Insbesondere mit Blick auf die Entsorgungswirtschaft sieht der Bundesrat allerdings die Haltung der Monopolkommission und der Bundesregierung nicht als ausgewogen im Hinblick auf die Wahrnehmung der Aufgaben der kommunalen Entsorgungswirtschaft an.
- 2. Der Bundesrat nimmt die Auffassung der Monopolkommission zum Wettbewerb zwischen kommunalen und privaten Entsorgern von Hausmüll zur Kenntnis. Er lehnt die Empfehlung der Monopolkommission ab, eine neue Wettbewerbsordnung mit konkurrierenden Hausmüllentsorgungsunternehmen und einem kommunalen Grundentsorger zu schaffen (Nummer 1303 des Hauptgutachtens) und bedauert, dass die Bundesregierung dieser Empfehlung in ihrer Stellungnahme nicht widerspricht.

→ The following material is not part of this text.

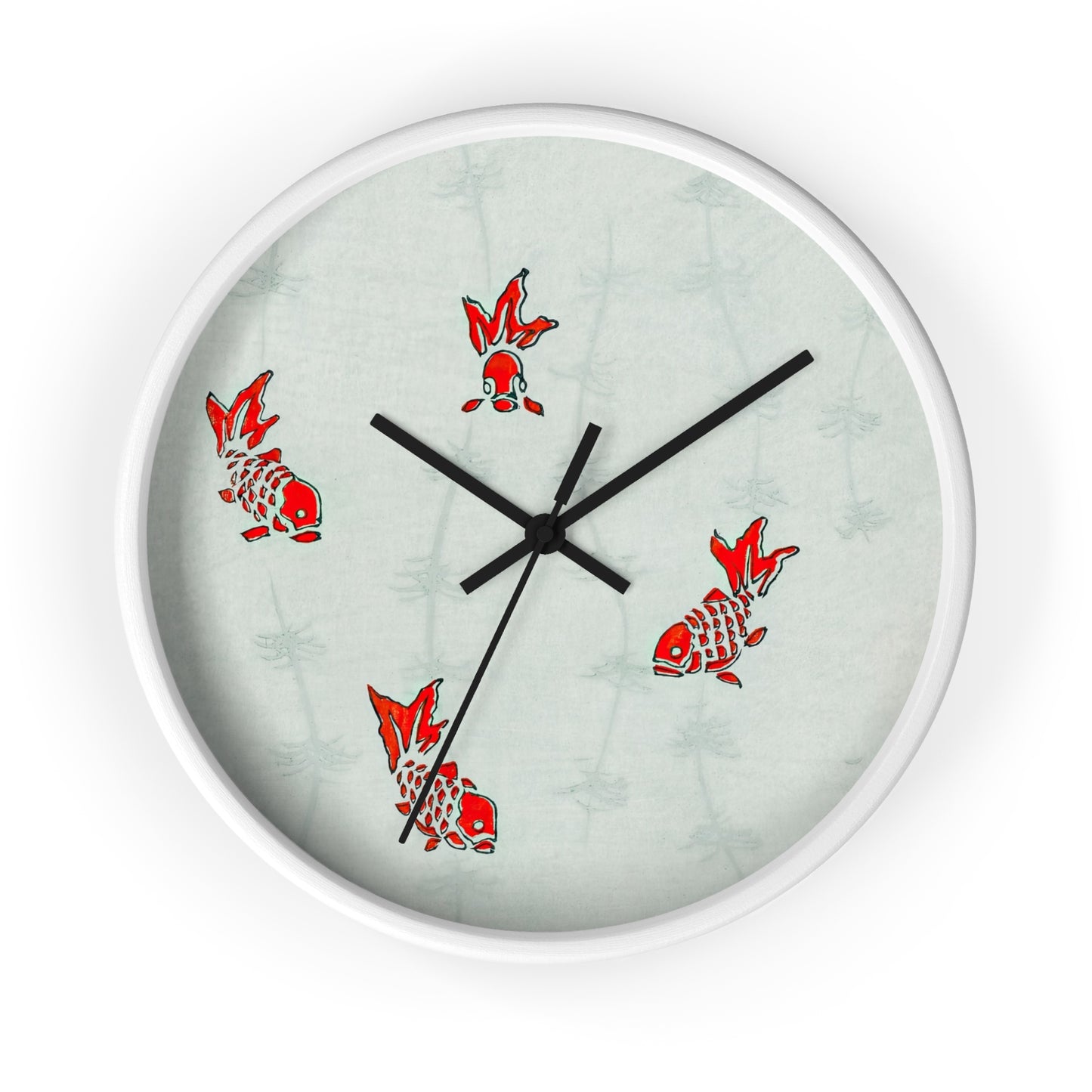 Seamless Gold Fish Illustration Wall Clock | Watanabe Seitei-Quipham Collections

Aus Sicht des Bundesrates stellt die Überlassungspflicht eine an der Daseinsvorsorge orientierte, wirtschaftlich tragfähige Erfüllung der Entsorgungsaufgaben durch die öffentlichrechtlichen Entsorgungsträger sicher. Der Verpflichtung zur hochwertigen und umweltverträglichen Verwertung und Beseitigung aller im Gebiet angefallenen und überlassenen Haushaltsabfälle kann nur durch eine entsprechende Überlassungspflicht gesichert werden. Die Abfallmengen und vorzuhaltenden Entsorgungskapazitäten wären ohne eine entsprechende Überlassungspflicht nicht berechenbar, die Planungs- und Funktionsfähigkeit der öffentlichrechtlichen Entsorgungsträger somit im Kern gefährdet.
Der Bundesrat verweist in diesem Zusammenhang nachdrücklich auf die einschlägige Rechtsprechung des Europäischen Gerichtshofs (EuGH C-360/96 Arnhem/Rheden, Urteil vom 10. November 1998), der die Zulässigkeit einer generellen Zuweisung der Entsorgung von Abfällen aus privaten Haushaltsabfällen an die Kommunen anerkennt.
- 3. Der Bundesrat nimmt zur Kenntnis, dass die Monopolkommission empfiehlt, Kommunen zur Ausschreibung der Hausmüllentsorgung anzuhalten und dass diese Empfehlung durch die Bundesregierung unterstützt wird.
Die Entscheidung, ob die Kommunen Entsorgungsleistungen vergeben wollen, muss ihnen überlassen bleiben. Die Erwartung, dass allein durch die Beauftragung Dritter ein höheres Qualitätsniveau der Entsorgung und die Vermeidung ineffizienter Entsorgungsstrukturen erreicht wird, teilt der Bundesrat nicht.
- 4. Der Bundesrat lehnt die Empfehlung der Monopolkommission ab, die Verantwortung für die Anzeigen von gewerblichen Sammlungen gemäß § 18 Absatz 1 KrWG in jedem Land an eine zentrale unabhängige Stelle zu vergeben. Der Bundesrat bedauert, dass die Bundesregierung im Rahmen des Berichts der Monopolkommission nicht Stellung bezogen hat.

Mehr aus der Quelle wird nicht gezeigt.